Par un mémoire en défense, enregistré le 4 avril 2024, la préfète de Meurthe-et-Moselle conclut au rejet de la requête au motif que les moyens soulevés par la société Ker Lylyam SAS ne sont pas fondés.
Par un courrier du 12 février 2026, les parties ont été informées, en application des dispositions de l’article R. 611-7 du code de justice administrative, de ce que le tribunal envisageait de procéder à une substitution de base légale dès lors que le préfet de Meurthe-et-Moselle ne pouvait se fonder sur les dispositions du 1° de l’article L. 3332-15 du code de la santé publique pour prononcer la fermeture administrative en litige, mais devait se fonder sur le 2° de cet article.
Vu les autres pièces du dossier.
Vu :
- le code de la santé publique ;
- le code de justice administrative.
Les parties, régulièrement averties du jour de l’audience, n’étaient ni présentes ni représentées.
Ont été entendus au cours de l’audience publique :
- le rapport de Mme Ducos de Saint Barthélémy de Gélas,
- et les conclusions de Mme Stenger, rapporteure publique.
Considérant ce qui suit :
La société Ker Lylyam SAS exploite à Trieux (Meurthe-et-Moselle) un bar sous l’enseigne « Le Triotin » depuis le 1er août 2018. Par un courrier du 9 novembre 2023, la préfète de Meurthe-et-Moselle l’a informée de son intention de prononcer une fermeture administrative temporaire de l’établissement en application de l’article L. 3332-15 du code de la santé publique, et l’a invitée à présenter ses observations.
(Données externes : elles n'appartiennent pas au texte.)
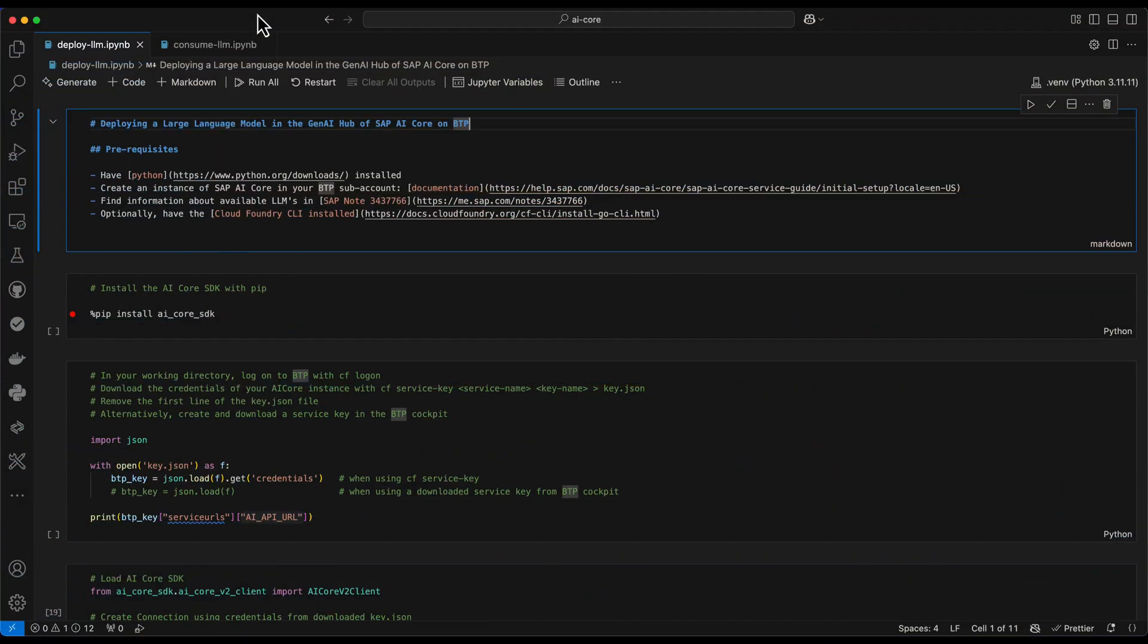This is option one on how to create a deployment of a large language model on AI core. And here I have a Jupyter Notebook, which is also part of my GitHub repository. And the link to that one you will find in the description for this video.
La société a présenté ses observations sur cette mesure par un courrier du 22 novembre 2023. Par un arrêté du 14 décembre 2023 dont elle demande l’annulation, la préfète de Meurthe-et-Moselle a ordonné la fermeture administrative de cet établissement pour une durée d’un mois.
En premier lieu, par un arrêté n° 23.BCDET.32 du 21 août 2023, publié le jour même au recueil des actes administratifs de la préfecture, la préfète de Meurthe-et-Moselle a donné délégation à M. C… A…, sous-préfet de l’arrondissement de Val-de-Briey et signataire de l’arrêté en litige, à effet de signer, dans les limites de sa circonscription territoriale, les décisions relatives, notamment, à la police des débits de boissons. Ces dispositions lui donnaient compétence pour signer l’arrêté en litige. Le moyen tiré de l’incompétence de son signataire manque donc en fait et doit être écarté.
En deuxième lieu, l’arrêté en litige vise le 1° de l’article L. 3332-15 du code de la santé publique dont il fait application, mentionne les principaux éléments de fait concernant le bar Le Triotin sur lesquels il se fonde, ainsi que la procédure contradictoire suivie préalablement à l’intervention de cet arrêté. La circonstance que ces éléments de fait seraient erronés ou seraient imputables à l’ancienne gestionnaire de l’établissement est sans influence sur le caractère suffisant de la motivation. Par suite, le moyen tiré de l’insuffisance de motivation est écarté.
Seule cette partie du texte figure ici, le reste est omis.